Half the night he lay awake wondering what he could do to follow Peter's advice while preserving his own ideals. He had quite forgotten that part of the older man's counsel which referred to the dignity of work, even of that work which might be considered as menial. If the truth must be told, it was his vanity alone which had been touched by the suggestion that in him might lay the possibility of reforming certain conditions around him. He was willing, even anxious, to begin on Breen & Co., subjecting his uncle, if need be, to a vigorous overhauling. Nothing he felt could daunt him in his present militant state, upheld, as he felt that he was, by the approval of Peter. Not a very rational state of mind, the Scribe must confess, and only to be accounted for by the fact that Peter's talk, instead of clearing Jack's mind of old doubts, had really clouded it the more--quite as a bottle of mixture when shaken sends its insoluble particles whirling throughout the whole.

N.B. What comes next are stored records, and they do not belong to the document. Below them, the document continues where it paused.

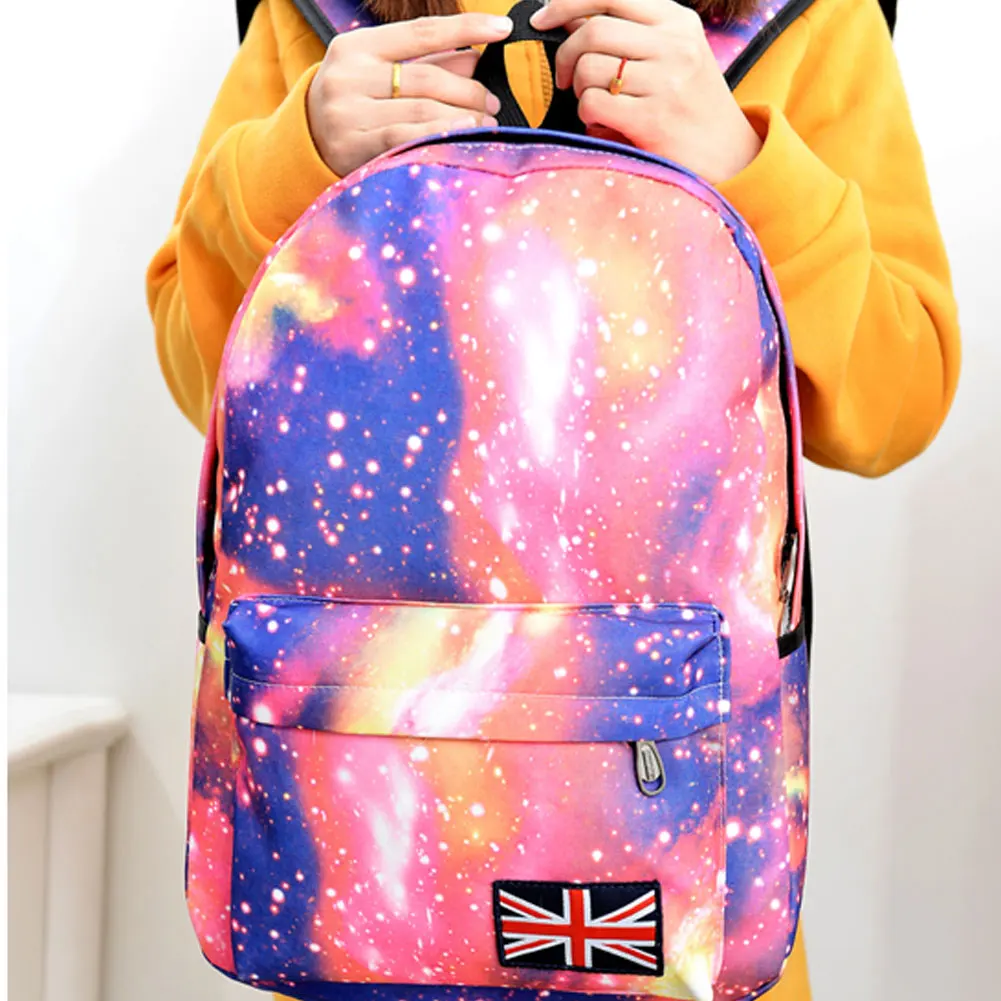 

Fashion Unisex Stars Universe Space Printing Backpack School Book Backpacks British-flag Shoulder Bag A66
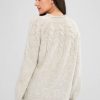 Raglan Sleeve Cable Knit Sweater - Cool White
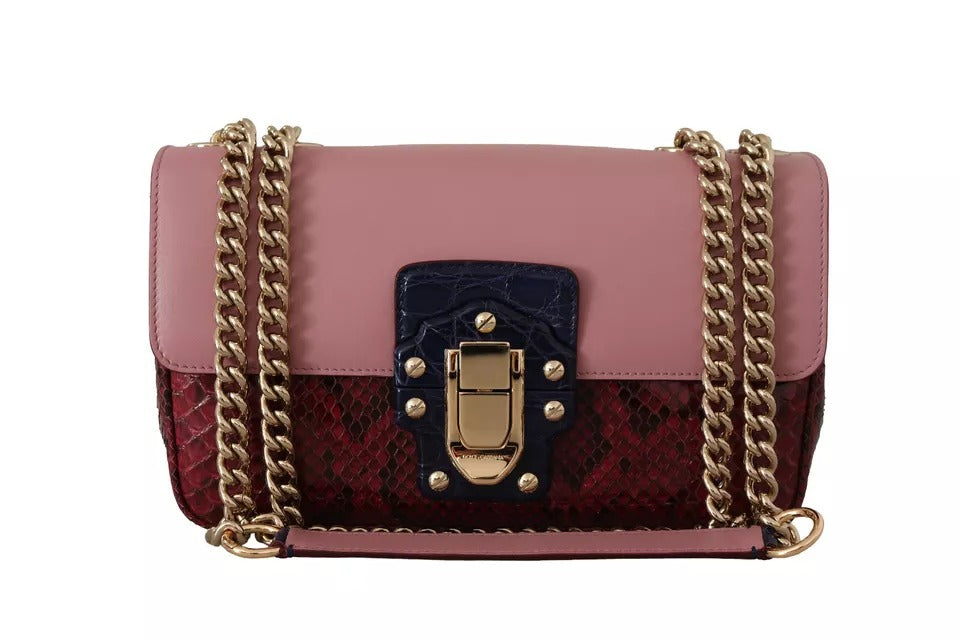 Rosa Rot Exotic Skins Gold Kette Geldbörse LUCIA Ledertasche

It was not until the following morning, indeed, that the sediment began to settle, and some of the sanity of Peter's wholesome prescription to produce a clarifying effect. As long as he, Jack, lived upon his uncle's bounty--and that was really what it amounted it--he must at least try to contribute his own quota of good cheer and courtesy. This was what Peter had done him the honor to advise, and he must begin at once if he wanted to show his appreciation of the courtesy.

His uncle opened the way:

"Why, I didn't know until I saw him go out that he was a friend of Mr. Portman's," he said as he sipped his coffee.

"Neither did I. But does it make any difference?" answered Jack, flipping off the top of his egg.

"Well I should think so--about ninety-nine and nine-tenths percent," replied the older man emphatically. "Let's invite him to dinner, Jack. Maybe he'll come to one I'm giving next week and--"

"I'll ask him--that is ... perhaps, though, you might write him a note, uncle, and--"

"Of course," interrupted Breen, ignoring the suggestion, "when I wanted you to take him to the club I didn't know who he was."

"Of course you did not," echoed Jack, suppressing a smile.

"The club! No, not by a damned sight!" exclaimed the head of the house of Breen. As this latter observation was addressed to the circumambient air, and not immediately to Jack, it elicited no response. Although slightly profane, Jack was clever enough to read in its tones not only ample apology for previous criticisms but a sort of prospective reparation, whereupon our generous young gentleman forgave his uncle at once, and thought that from this on he might like him the better.

Even Parkins came in for a share of Jack's most gracious intentions, and though he was as silent as an automaton playing a game of chess, a slight crack was visible in the veneer of his face when Jack thanked him for having brought Mr. Grayson--same reverential pronunciation--upstairs himself instead of allowing Frederick or one of the maid-servants to perform that service.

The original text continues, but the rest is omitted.